Here we go again: Netflix’s ‘Russian Doll’ is back, and even more Jewy than before
Because Natasha Lyonne is one of the great creative personalities of our time, even the specter of Nazism can’t bring this wild, weird show down. Season 2 airs from April 20
It has been a weird few years since Natasha Lyonne debuted her series “Russian Doll” on Netflix. We saw a violent insurrection in the United States capital and a global plague that turned society upside-down. These are times when you want to say, as Lyonne’s Nadia Vulvokov so eloquently puts it before tossing back a shot of bourbon, “When the universe f***s with you… let it!”
This might be a good quip, but not what any true New Yorker actually does. Nor, if you follow Jacob’s lead, how a Jew handles things, either. Luckily Vulvokov, like her creator Lyonne, is both, and once the trippy science fiction premise of this sequel series makes itself known, it is clear that Nadia is going to face its implications head-on and make the difficult, righteous choices. Eventually.
While the original season’s “Groundhog Day”-ish premise formed perfect cause-and-effect figure 8s, part two, airing April 20 on Netflix, doesn’t quite snap together like a jigsaw puzzle. I believe this is by design. Nadia, our downtown hipster Jewess — one of the most “oh-my-God-I-know-her” characters ever seen on television — experienced a lot of self-growth last time. Now she has to somehow make corrections for her family, and this is going to get complicated.
For starters, her mother and grandmother have both died, but when she hops on the downtown 6 train one night, she discovers that her $2.75 buys her a ride back in time. Days before her 40th birthday in 2022, she emerges at Astor Place 40 years ago and, once she starts putting things together, she is actually in the body of her pregnant mother, played by Chloë Sevigny.

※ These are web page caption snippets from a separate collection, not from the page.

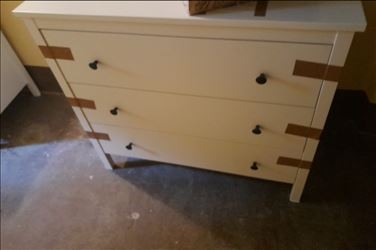 Abbildung: 2 alte Ikea Kommoden 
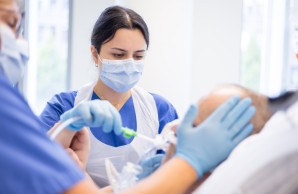 Pflegende beim endotrachealem Absaugen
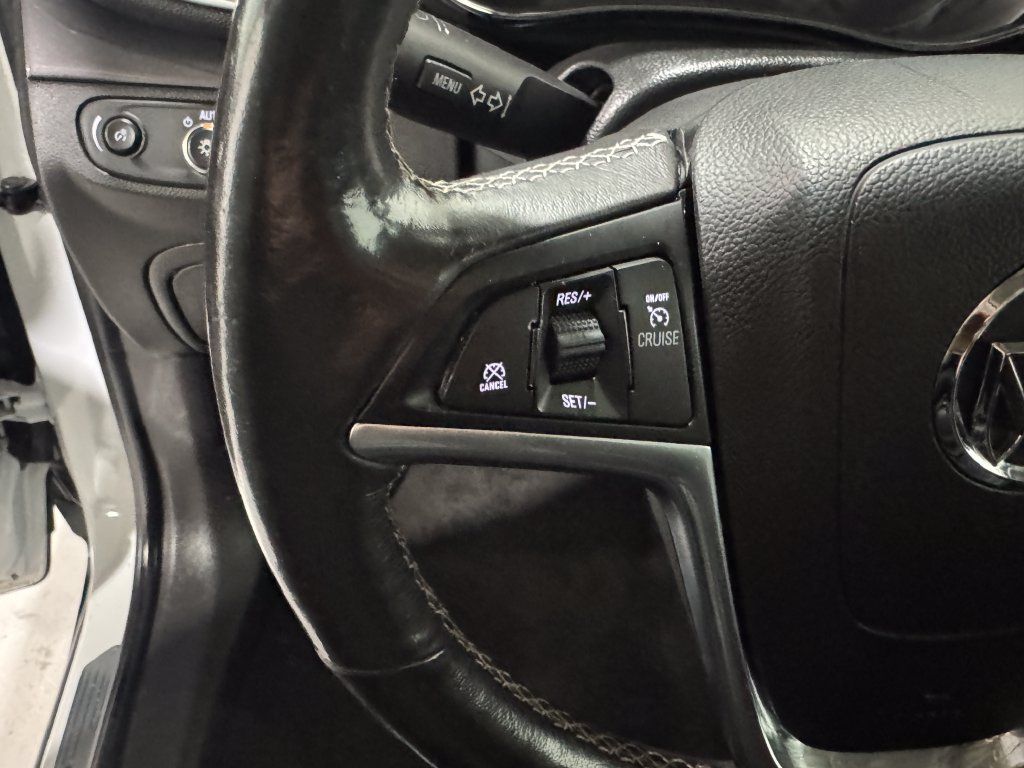 Used 2019 Buick Encore Essence FWD image 6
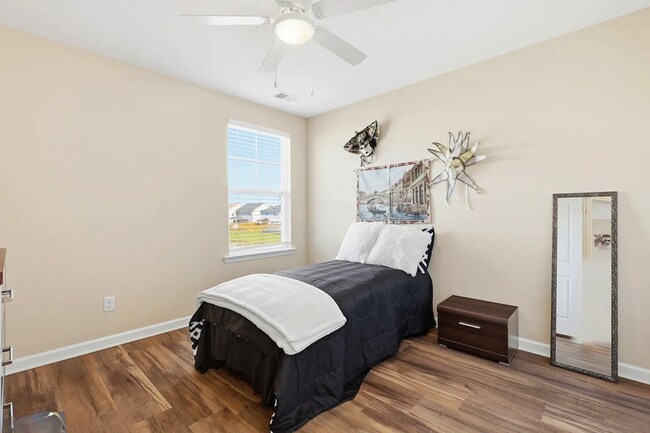 Building Photo - 225 Willow Point Cir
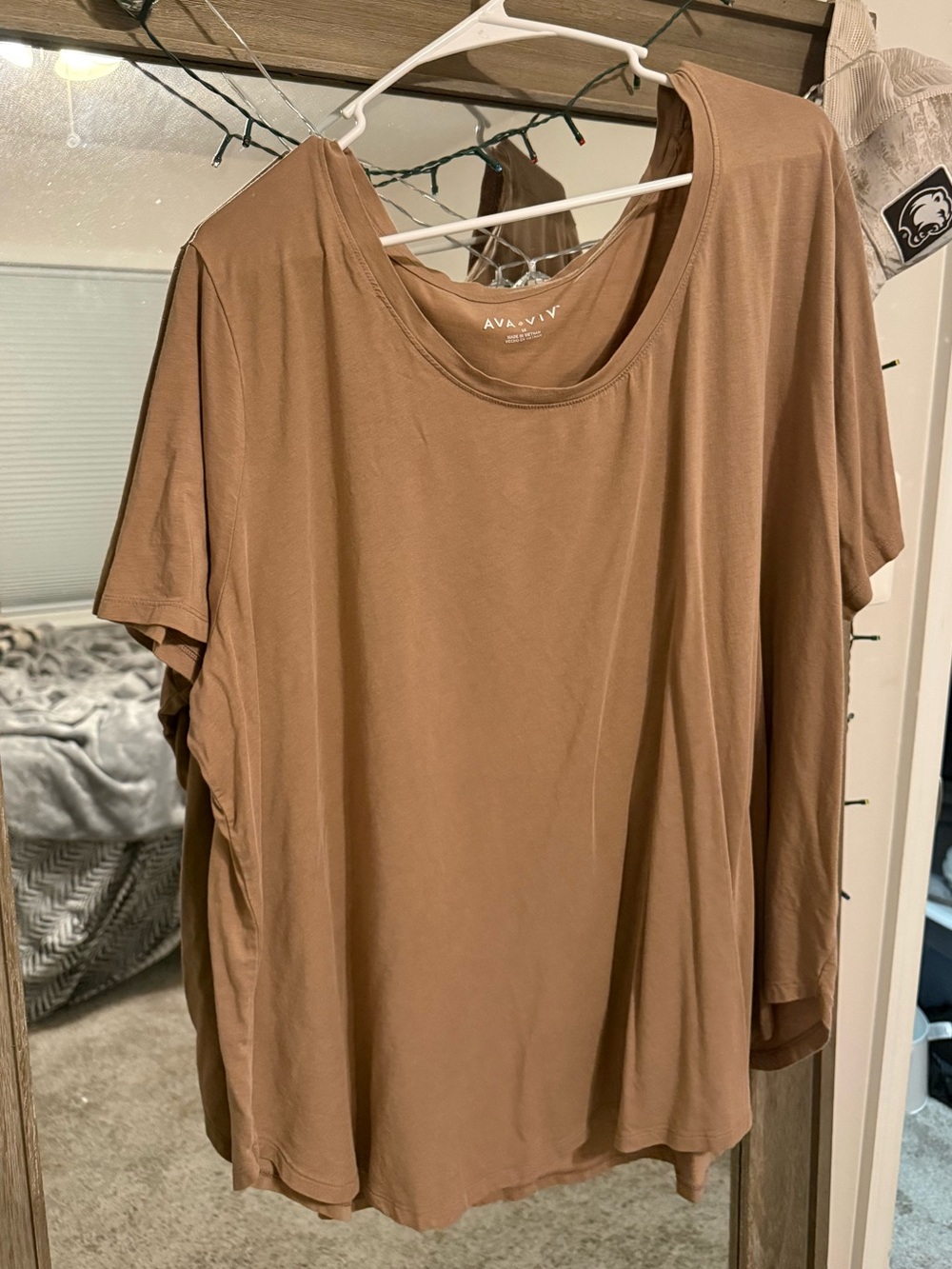 Ava & Viv Short-Sleeve Scoop Neck Tee in Brown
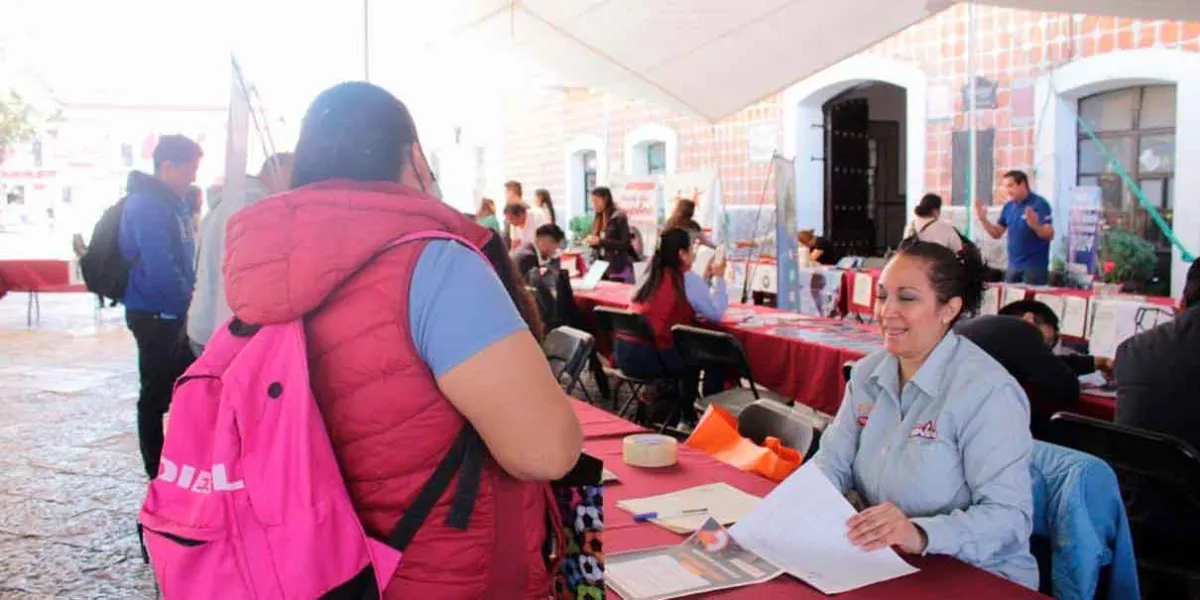 500 vacantes formales y oportunidades inclusivas en la  8ª Feria del Empleo de Atlixco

Her mother, who committed suicide at 36, broke with her own mother after she lost the family fortune, which had been invested in South African gold Krugerrand coins. If Nadia can somehow recover this stolen satchel, she can create a whole new timeline, right? No, of course not.
Nadia’s grandmother invested in Krugerrands because, like many Holocaust survivors, she maintained a healthy degree of distrust in… everything. She witnessed government lies and mass theft, specifically, given that everything she had of value was taken away on the Hungarian Gold Train, a very real (and strange) footnote from World War II. (Without getting too much into spoiler territory, I’ll simply say that Nadia’s magic tracks don’t just take her to the East Village in the ’80s, but Budapest in the ’40s, too. For a woman who has lived with the specter of Nazism tormenting her family her whole life, it makes for a terrifying realization.)
But also… funny! Because Natasha Lyonne, who wrote and directed many of the seven episodes herself (and served as a producer on the whole shmear) is one of the great creative personalities of our time. Exuding a frazzled beauty that wavers between extreme self-confidence and the woes of the perplexed, she is tougher than nails one minute and a sweetheart who just wants people to be happy the next. She also never misses an opportunity to make a wisecrack, even if no one is listening. No one but us, anyway.
I jotted a string of zings while blazing through the series, then gave up when the list got too long. Half of the time it’s the delivery of the lines (“looks like Purim came early this year!”; “we’re Ashkenazi Jews, not wizards!”) that sells them, anyway.
Nadia’s investigation of her own Judaism isn’t a dialogue; it’s a sitcom between herself and her fate. “You’re not a creationist, are you?” she is asked as she tries, against the pull of time and destiny, to change her family’s story. “Wouldn’t it be nice to have somebody to blame!!?” she snaps back. She doesn’t have time to wonder about God’s plans for her; she’s too busy trying to work around them.
A project this rich has many avenues worth discussing (all the music chosen — from Van Halen to Bauhaus to Falco to Franz Liszt to the Velvet Underground to Brian Eno — is perfect), as are the delightful in-jokes for people who have lived a life similar to Nadia’s. (It was great to see Crazy Eddie again.)
But beyond the weirdo sci fi and the tough gal exterior, this is a wise, tender, and extremely clever exploration of generational trauma. This is a show that Jews of my generation — the grandchildren generation — will feel deep in their bones.
There will be debate if season two was as good as season one, but one thing is for absolute certain: the world could use a season three.